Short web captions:

=== Begin Enclosure ===

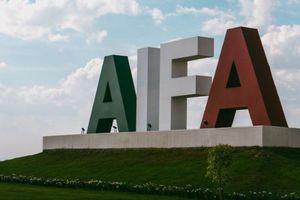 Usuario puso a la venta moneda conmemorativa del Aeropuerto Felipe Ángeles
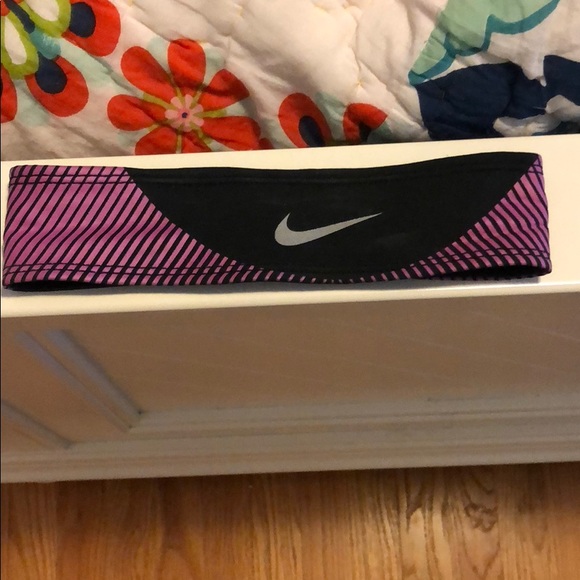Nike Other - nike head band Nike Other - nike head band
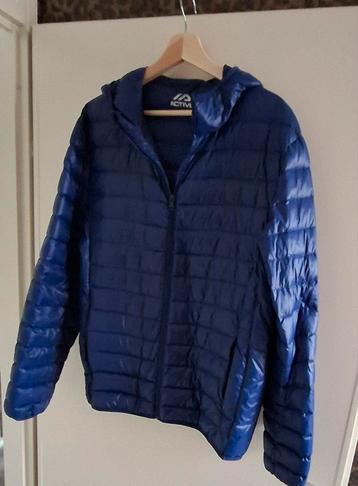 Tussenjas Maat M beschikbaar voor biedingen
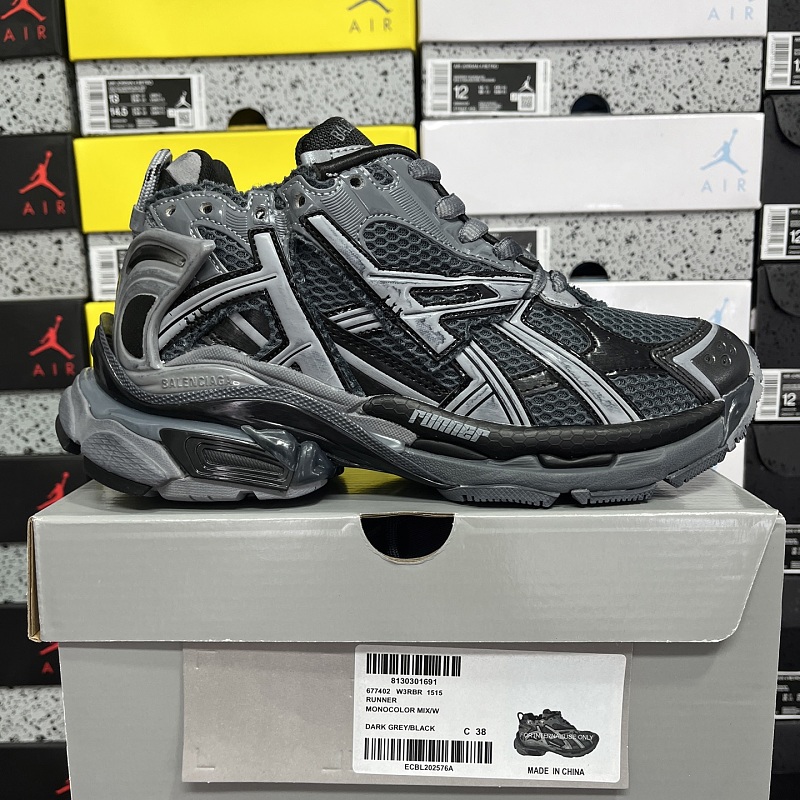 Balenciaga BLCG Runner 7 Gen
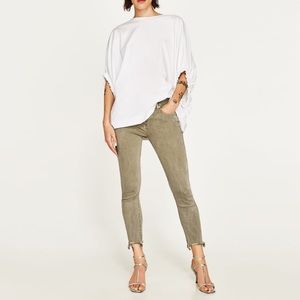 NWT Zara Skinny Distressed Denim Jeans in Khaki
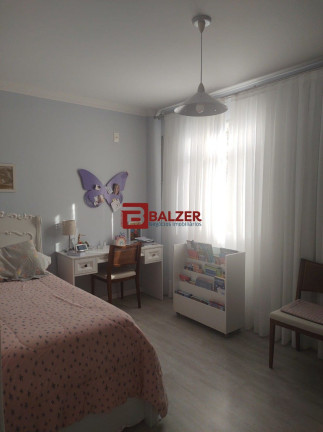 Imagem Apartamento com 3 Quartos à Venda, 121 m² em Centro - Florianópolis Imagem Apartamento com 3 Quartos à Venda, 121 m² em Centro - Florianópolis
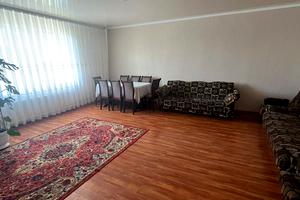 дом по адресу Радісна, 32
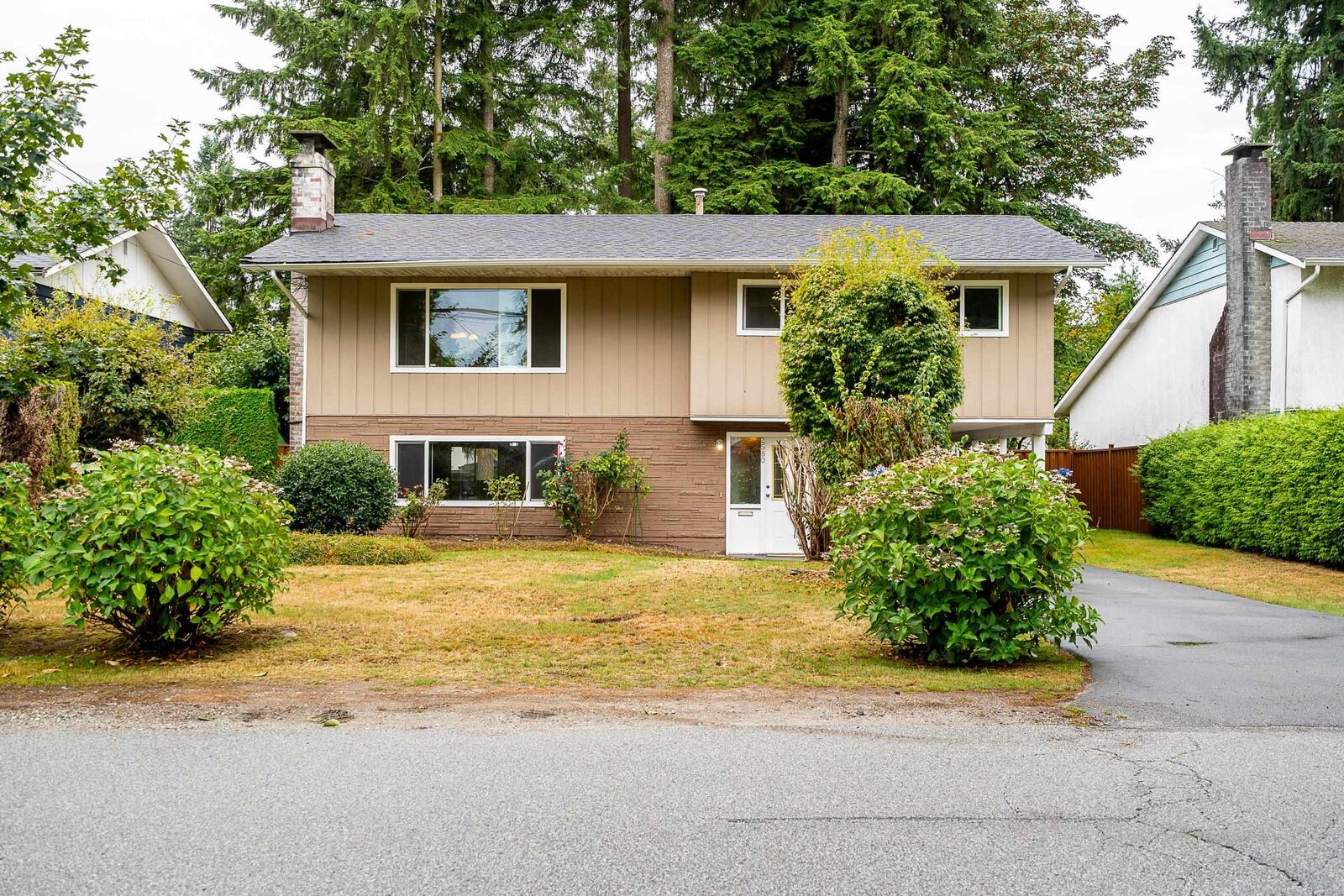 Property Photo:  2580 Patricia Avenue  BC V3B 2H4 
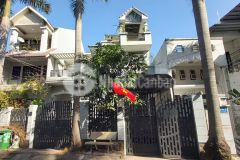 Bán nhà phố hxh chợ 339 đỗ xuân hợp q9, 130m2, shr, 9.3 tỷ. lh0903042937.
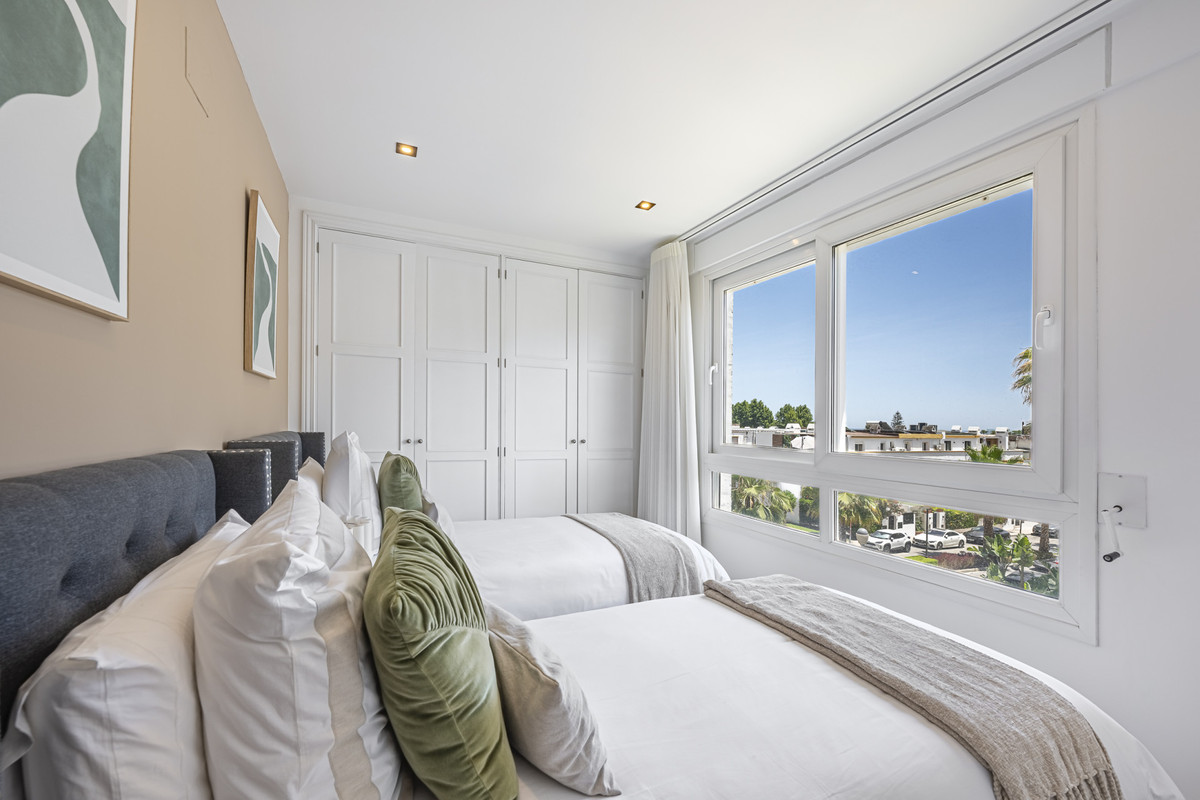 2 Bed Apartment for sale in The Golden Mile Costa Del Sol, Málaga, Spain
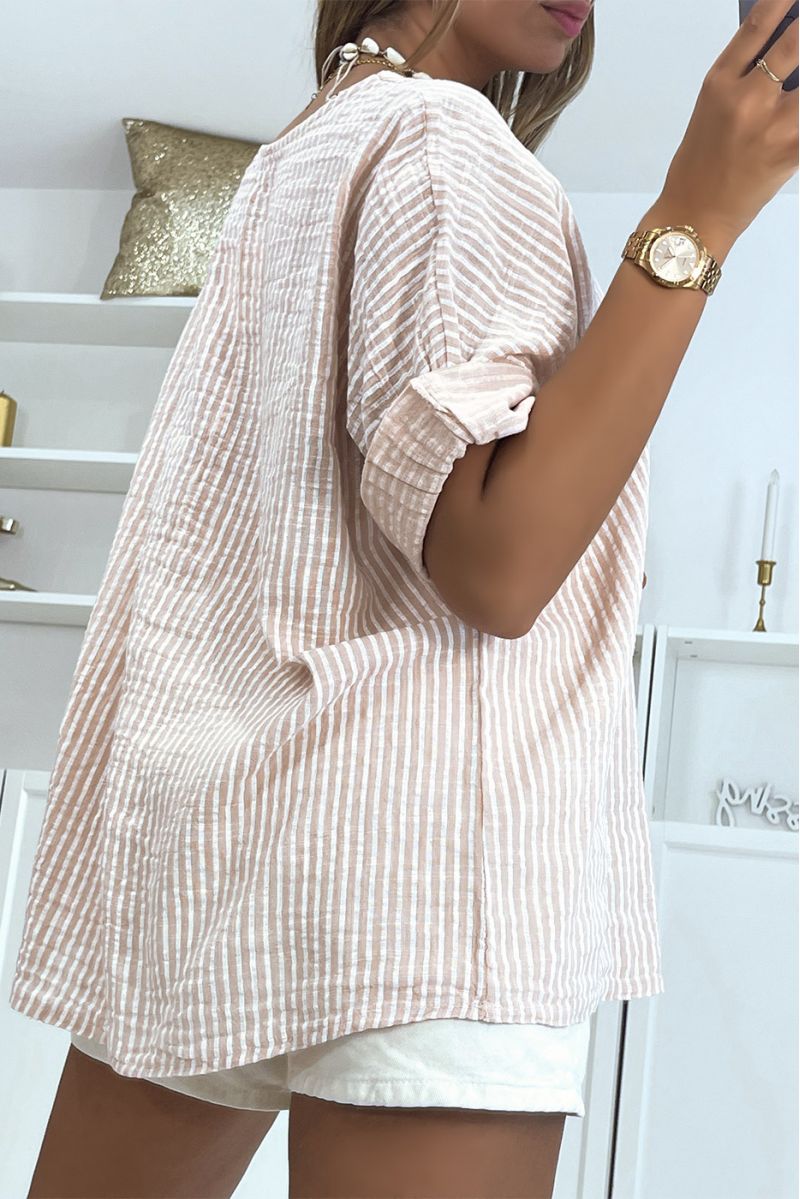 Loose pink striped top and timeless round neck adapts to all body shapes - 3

=== End Enclosure ===

Repeat the entries word for word and skip the pictures.

 Usuario puso a la venta moneda conmemorativa del Aeropuerto Felipe Ángeles
Nike Other - nike head band Nike Other - nike head band
 Tussenjas Maat M beschikbaar voor biedingen
 Balenciaga BLCG Runner 7 Gen
 NWT Zara Skinny Distressed Denim Jeans in Khaki
 Imagem Apartamento com 3 Quartos à Venda, 121 m² em Centro - Florianópolis Imagem Apartamento com 3 Quartos à Venda, 121 m² em Centro - Florianópolis
 дом по адресу Радісна, 32
 Property Photo:  2580 Patricia Avenue  BC V3B 2H4 
 Bán nhà phố hxh chợ 339 đỗ xuân hợp q9, 130m2, shr, 9.3 tỷ. lh0903042937.
 2 Bed Apartment for sale in The Golden Mile Costa Del Sol, Málaga, Spain
 Loose pink striped top and timeless round neck adapts to all body shapes - 3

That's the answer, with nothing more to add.